Your grandfather would have been proud :cool:

I’m on my way within the hour to pick my son up at the airport. Haven’t seen him since March. He is between assignments and has a few weeks off. Flying in from MS on his way to AR. It’s a holiday in our home since we are pulling the other two younger kids out of school today to go along on the trip to the airport.

Charlaine, thanks for your service and sacrafice for the rest of us. :wink:

clay i thank you alo bt i was only doing my job it to me was an honor. though i will sa it feels grat that a forum like this cares so much seeing as my own hometown didnt.

I know, I know, it’s all about money, or more often than not lack thereof, but for about $25 at Janns Netcraft (plus shipping)you can get the most common staple items for your growing material collection.

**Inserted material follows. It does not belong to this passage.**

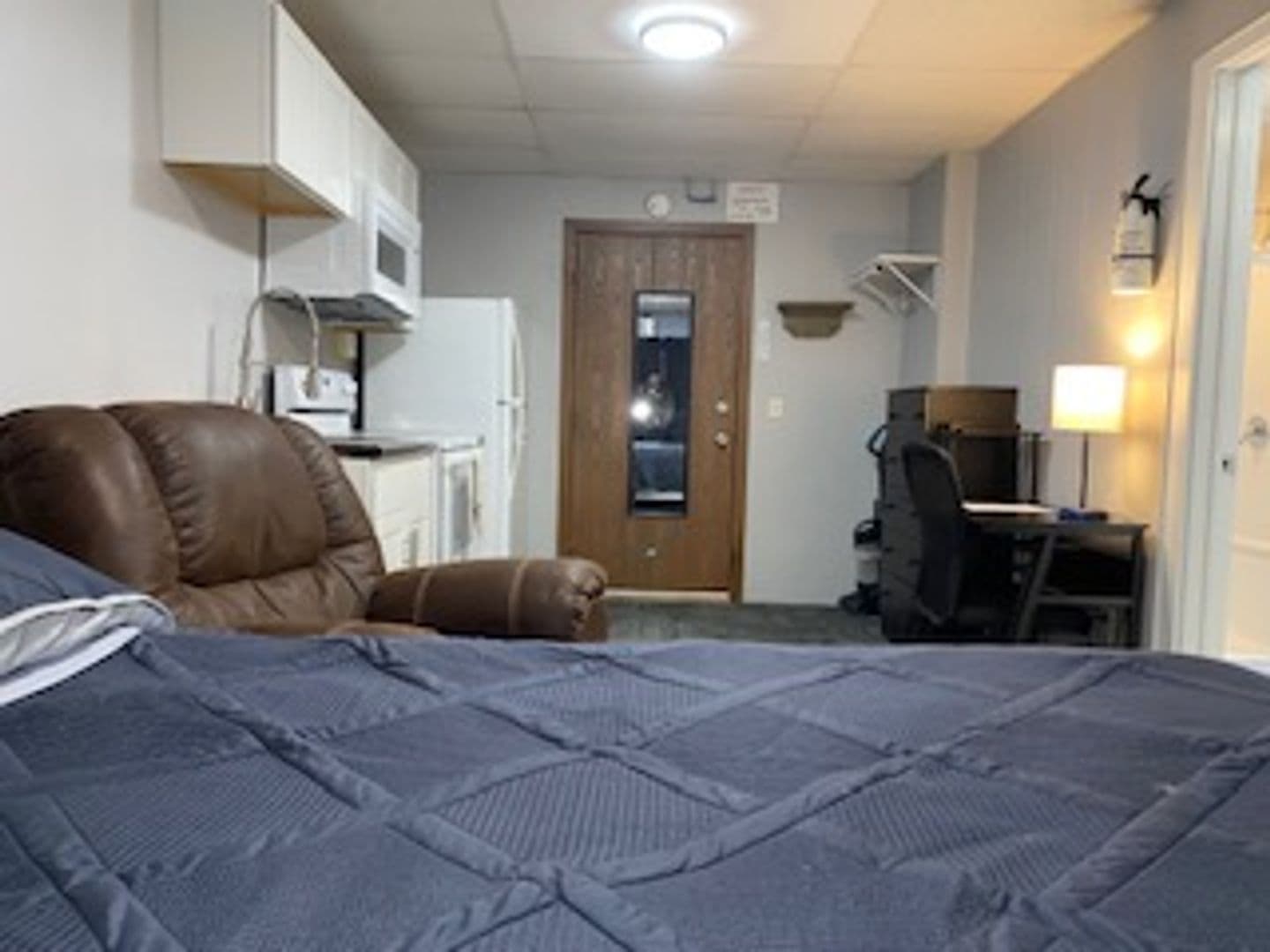 Boone Apartment: 814 8th St.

For all you Hook & Hackle pundits, I did the comparison shopping and have posted their higher prices.

Antron dubbing $1.55 [H&H $2.75]
Rabbit dubbing $1.49 [H&H $1.65]
Barred turkey quills $2.99 [H&H $4.25]
Mallard Flanks $1.79 [H&H $2.25]
Calf tails $2.99 [H&H $3.83]
Strung peacock herl $1.89 [H&H $3.50]
Chenille $.82ea (black and olive) $1.64 [H&H $.95 ea]
Marabou $1.19ea (black and olive) $2.38 [H&H $2.35ea]
Deer Hair $1.59 [H&H $2.25]
Moose mane is $1.69 [H&H $2.00]
Zonker Strips $1.89 [H&H $2.25]
6/0 thread $1.35ea (black, white & olive) $4.05 [H&H $1.35ea]
.020 Lead wire $.69 [H&H $2.50]
2 sided tinsel $1.09 [H&H $1.25]

Of course all these can be found at any tying shop, but usually at much higher prices. Bass Pro would be the next cheapest, then Cabela’s.

If you have a Sportsman’s Warehouse in the area, thier prices are similar to Janns. A lot of them closed recently, though. Thread was $1.19 a spool for whatever they had in UNI, floss, yarn, tinsel, and even ultra wire.

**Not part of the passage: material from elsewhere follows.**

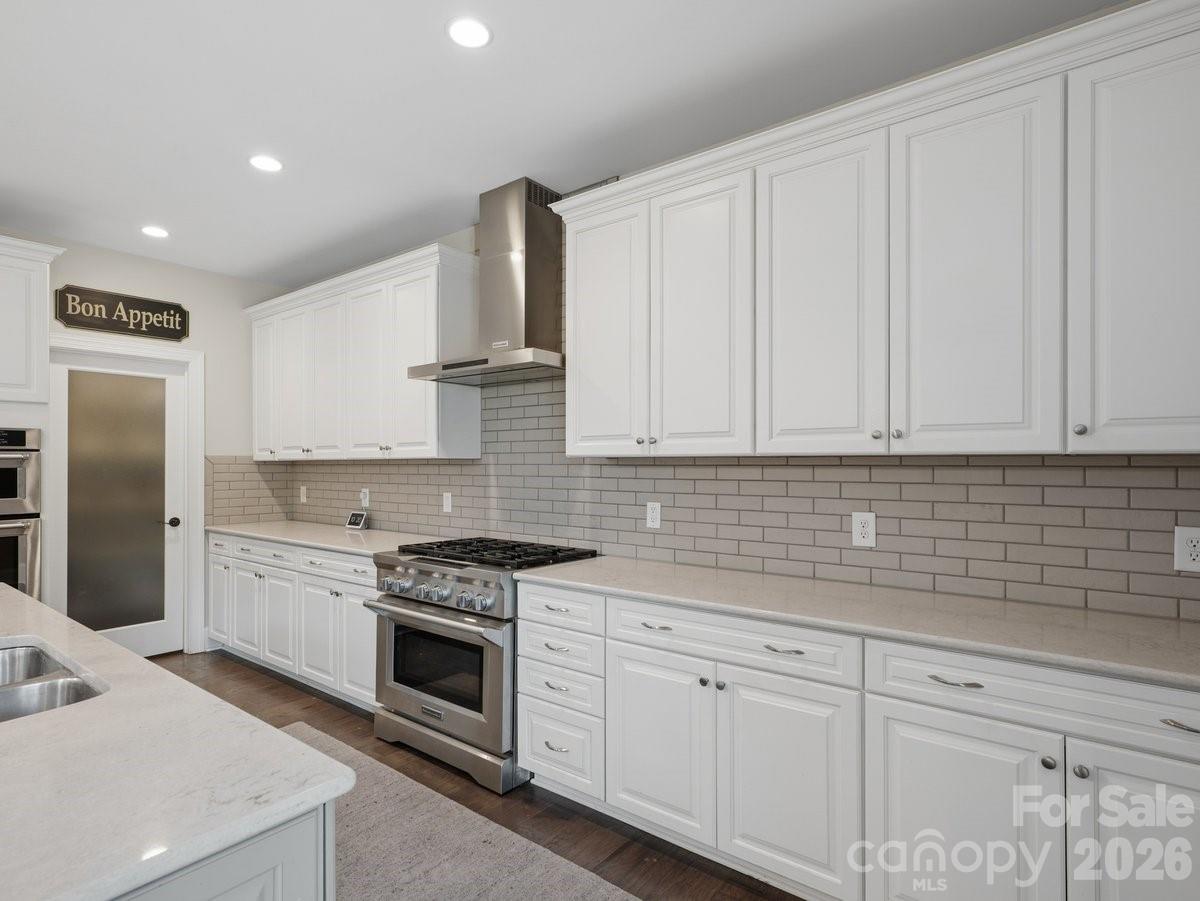1015 Golden Bell Drive — Waxhaw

I like the way that you think! Another comparison shopper who doesn’t mind spending money, just wants to get the most for the money that he spends. :cool:

in bass bugs item list, it appears the thread is danvilles 6/0. the price at jans is 1.35 and the listed price at h&h is also 1.35 for a 200 yard spool. but i think he forgot to click on the “BUY” button where the thread is gonna cost him only 1.10 per spool. h&h thread is discounted 10%, jans is not.

chenille at jans is .82 cents and at h&h its .86 cents with the h&h discount

this is only 2 examples. there may be more on the list

i think you need to click on the “BUY” button to get the real prices on the h&h website for a true comparison.

some prices may still be higher than jans and some may even be lower than jans.